Heroes and Villains

Today, as I’m writing this, it’s Sunday, February 25, and it’s been 75 years since Sophie Scholl was executed for her part in the Nazi resistance. 

It’s hard developing a healthy identity growing up in Germany when you’re insistently told your ancestors were all monstrous criminals. You grow up carrying that heavy burden on your shoulders, because it is placed there, lest you forget. 

The history books are written by the victors. Great pains have been taken to paint an accurate picture of the terrible crimes committed by the Nazis, and, naturally, each year this chapter was given predominance over everything else that took place in thousands of years of human history. 

Yes, they mentioned the resistance. I remember the tiny paragraphs that summed up the heroic deeds of Sophie Scholl and von Stauffenberg. 
Those were the only two mentioned. We read them within three minutes and moved on to the inhumanities committed. What the history books said to me was, “You’re a descendant of despicable monsters, of cowards, never for a moment forget that.” 

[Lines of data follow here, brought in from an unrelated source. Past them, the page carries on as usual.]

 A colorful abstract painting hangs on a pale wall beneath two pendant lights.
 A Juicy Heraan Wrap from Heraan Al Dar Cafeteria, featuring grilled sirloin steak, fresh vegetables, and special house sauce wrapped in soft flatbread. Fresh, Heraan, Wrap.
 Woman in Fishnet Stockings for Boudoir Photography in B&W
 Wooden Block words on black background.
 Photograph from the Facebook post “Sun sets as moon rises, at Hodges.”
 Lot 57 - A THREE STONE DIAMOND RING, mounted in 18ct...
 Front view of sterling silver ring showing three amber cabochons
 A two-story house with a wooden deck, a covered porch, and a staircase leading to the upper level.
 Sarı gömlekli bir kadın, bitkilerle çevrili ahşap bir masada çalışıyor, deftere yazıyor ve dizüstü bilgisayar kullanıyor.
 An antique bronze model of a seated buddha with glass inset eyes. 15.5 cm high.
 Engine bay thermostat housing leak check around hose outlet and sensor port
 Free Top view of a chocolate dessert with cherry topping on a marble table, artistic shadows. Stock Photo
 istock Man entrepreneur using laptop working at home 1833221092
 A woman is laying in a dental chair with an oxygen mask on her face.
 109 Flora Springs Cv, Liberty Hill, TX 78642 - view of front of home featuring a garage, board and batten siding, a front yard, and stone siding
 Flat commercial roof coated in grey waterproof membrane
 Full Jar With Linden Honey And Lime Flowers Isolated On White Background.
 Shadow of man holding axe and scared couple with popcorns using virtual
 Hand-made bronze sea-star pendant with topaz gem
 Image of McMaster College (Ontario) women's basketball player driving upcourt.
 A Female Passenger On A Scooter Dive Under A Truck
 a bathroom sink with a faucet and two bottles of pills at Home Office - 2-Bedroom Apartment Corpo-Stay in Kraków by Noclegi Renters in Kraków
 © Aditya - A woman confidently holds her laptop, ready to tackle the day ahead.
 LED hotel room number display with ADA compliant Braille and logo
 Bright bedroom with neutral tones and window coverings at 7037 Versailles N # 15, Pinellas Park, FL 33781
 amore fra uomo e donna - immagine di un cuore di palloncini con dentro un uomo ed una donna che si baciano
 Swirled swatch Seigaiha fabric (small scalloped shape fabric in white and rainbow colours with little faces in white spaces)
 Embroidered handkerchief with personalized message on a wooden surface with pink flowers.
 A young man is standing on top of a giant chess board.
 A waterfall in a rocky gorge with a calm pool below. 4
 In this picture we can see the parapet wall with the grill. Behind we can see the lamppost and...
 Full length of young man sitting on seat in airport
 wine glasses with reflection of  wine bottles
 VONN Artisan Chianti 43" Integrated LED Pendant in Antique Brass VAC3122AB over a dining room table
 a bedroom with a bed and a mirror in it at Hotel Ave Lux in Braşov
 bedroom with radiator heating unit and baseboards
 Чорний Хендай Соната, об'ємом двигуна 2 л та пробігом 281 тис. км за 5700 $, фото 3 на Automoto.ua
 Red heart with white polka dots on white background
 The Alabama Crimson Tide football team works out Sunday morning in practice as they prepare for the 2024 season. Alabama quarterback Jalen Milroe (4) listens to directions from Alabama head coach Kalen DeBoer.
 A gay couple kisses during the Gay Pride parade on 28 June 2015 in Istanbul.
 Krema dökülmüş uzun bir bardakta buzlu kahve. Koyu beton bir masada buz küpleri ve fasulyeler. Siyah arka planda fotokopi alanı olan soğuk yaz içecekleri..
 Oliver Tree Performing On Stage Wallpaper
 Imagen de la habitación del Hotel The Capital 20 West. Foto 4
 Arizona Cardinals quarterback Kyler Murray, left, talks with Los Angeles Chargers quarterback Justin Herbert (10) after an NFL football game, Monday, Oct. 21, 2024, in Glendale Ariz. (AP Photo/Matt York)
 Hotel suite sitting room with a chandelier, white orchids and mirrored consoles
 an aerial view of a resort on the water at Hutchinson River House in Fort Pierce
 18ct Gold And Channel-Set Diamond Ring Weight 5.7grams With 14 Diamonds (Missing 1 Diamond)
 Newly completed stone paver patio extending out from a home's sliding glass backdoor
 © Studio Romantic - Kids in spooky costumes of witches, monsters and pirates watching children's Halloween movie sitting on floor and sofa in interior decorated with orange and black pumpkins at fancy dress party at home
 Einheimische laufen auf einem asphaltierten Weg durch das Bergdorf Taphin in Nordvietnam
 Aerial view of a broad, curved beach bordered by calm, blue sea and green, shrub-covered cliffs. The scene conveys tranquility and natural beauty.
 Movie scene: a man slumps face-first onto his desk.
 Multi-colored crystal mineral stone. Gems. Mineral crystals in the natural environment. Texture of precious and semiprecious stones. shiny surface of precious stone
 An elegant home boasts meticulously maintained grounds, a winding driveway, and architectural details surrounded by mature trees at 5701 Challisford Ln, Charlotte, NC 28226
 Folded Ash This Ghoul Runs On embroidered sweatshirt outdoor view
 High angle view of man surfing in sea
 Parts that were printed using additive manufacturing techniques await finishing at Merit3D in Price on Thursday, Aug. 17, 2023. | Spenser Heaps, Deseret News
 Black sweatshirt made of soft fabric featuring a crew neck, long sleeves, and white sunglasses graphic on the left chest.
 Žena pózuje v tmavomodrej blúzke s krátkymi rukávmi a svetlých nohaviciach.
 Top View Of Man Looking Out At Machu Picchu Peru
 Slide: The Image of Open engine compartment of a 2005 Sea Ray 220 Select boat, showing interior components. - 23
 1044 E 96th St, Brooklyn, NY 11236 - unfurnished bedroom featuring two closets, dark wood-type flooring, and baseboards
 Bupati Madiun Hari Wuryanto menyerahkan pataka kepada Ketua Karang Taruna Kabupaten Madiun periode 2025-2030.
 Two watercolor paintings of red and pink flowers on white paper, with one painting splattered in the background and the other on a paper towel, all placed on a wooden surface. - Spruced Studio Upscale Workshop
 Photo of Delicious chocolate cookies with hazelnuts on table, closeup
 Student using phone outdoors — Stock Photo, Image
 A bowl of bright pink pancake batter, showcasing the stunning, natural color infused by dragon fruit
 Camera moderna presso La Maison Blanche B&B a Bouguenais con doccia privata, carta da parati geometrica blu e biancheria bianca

It would have meant a lot to have been allowed to celebrate those of my ancestors who were courageous, and were fighting the regime nail and tooth, in the face of great danger. Risking their very lives to help their families, their friends, and utter strangers. 

I don’t mind looking at all the horrors. They happened. They’re real. But wouldn’t it have been so much better to spend at least an equal amount of time looking at the lives of heroes. To say to young people, “You’re also descended from brave people, who were not afraid to fight and die for what’s right. Don’t you ever for a moment forget that.”